The horizontal workflow automation market — built on tools like Zapier, Make.com, and Microsoft Power Automate — is facing its first serious structural challenge. Vertical agentic AI platforms that embed directly into specific business domains are delivering automation outcomes with lower configuration overhead than horizontal connector-based tools, and enterprise IT buyers are starting to reflect this in their purchasing decisions.
The pattern is clearest in financial services, legal, and HR workflows, where the process logic is well-defined enough that a domain-specific agent can operate reliably without custom connector configuration. Abrigo's Agentic Platform Experience, launched on July 8, 2026, does not require a workflow administrator to configure the sequence of steps in a lending process — the agent has internalized that process from the underlying compliance framework. The contrast with Zapier-based lending automation, which requires explicit workflow mapping for every step, is significant in both setup time and ongoing maintenance burden.
The Make.com market, which targets small and medium businesses with visual workflow builders, is facing a different version of the same pressure. Monthly subscriber data suggests that the rate of new workflow creation per account has plateaued in 2026 after several years of growth. The stagnation correlates with the availability of AI agents that complete discrete tasks without requiring users to pre-define the task sequence — the equivalent of hiring someone who already knows how to do the job rather than writing a detailed procedure manual.
This does not mean horizontal automation tools are disappearing. Zapier and Make.com still have deep integration libraries with thousands of third-party services that domain-specific agents cannot match. For business workflows that cross domain boundaries — say, a customer service event that triggers both a CRM update and an accounting entry — horizontal connector tools remain necessary. The battle is over who owns the primary workflow logic: increasingly, that is an agentic AI layer, with horizontal automation tools relegated to integration plumbing.
For IT budget holders, the practical question is where to allocate 2027 automation spend.
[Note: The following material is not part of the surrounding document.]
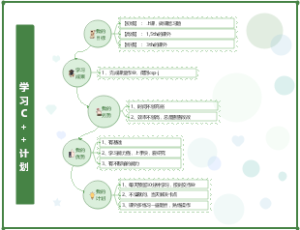 学习C语言 计划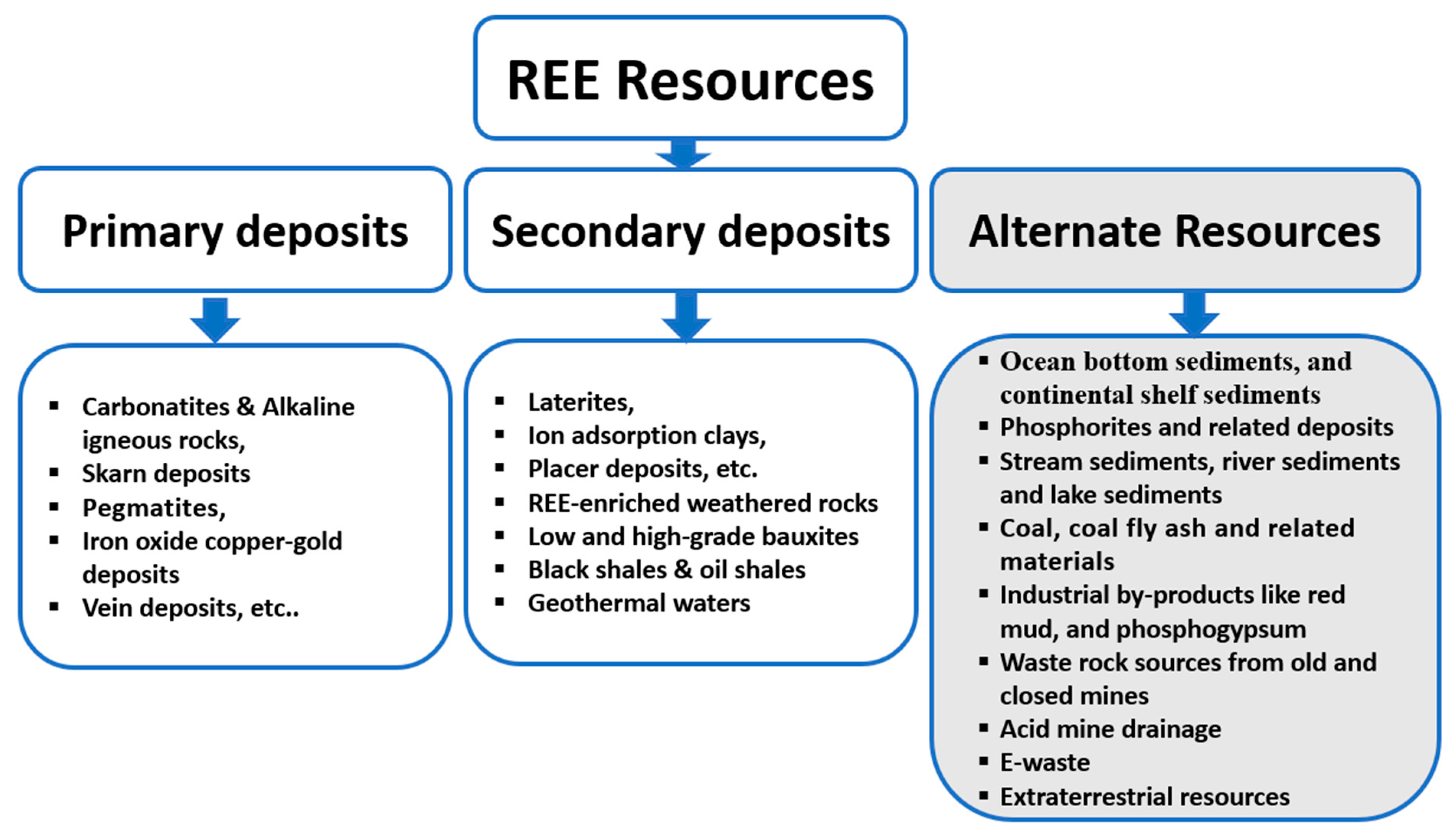U.S.-Ukraine Economic Agreement: Securing Rare Earth Mineral Supply U.S.-Ukraine Economic Agreement: Securing Rare Earth Mineral Supply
The buyers seeing the best ROI in 2026 are organizations that made a deliberate choice about which workflows to give to a domain-specific agent versus which to keep in a horizontal automation tool, rather than defaulting to one approach for everything.
The vendors best positioned are those that can serve both: Salesforce, ServiceNow, and SAP are each building agentic capabilities on top of deep integration infrastructure. Pure-play horizontal tools without agentic layers are the ones facing genuine strategic risk.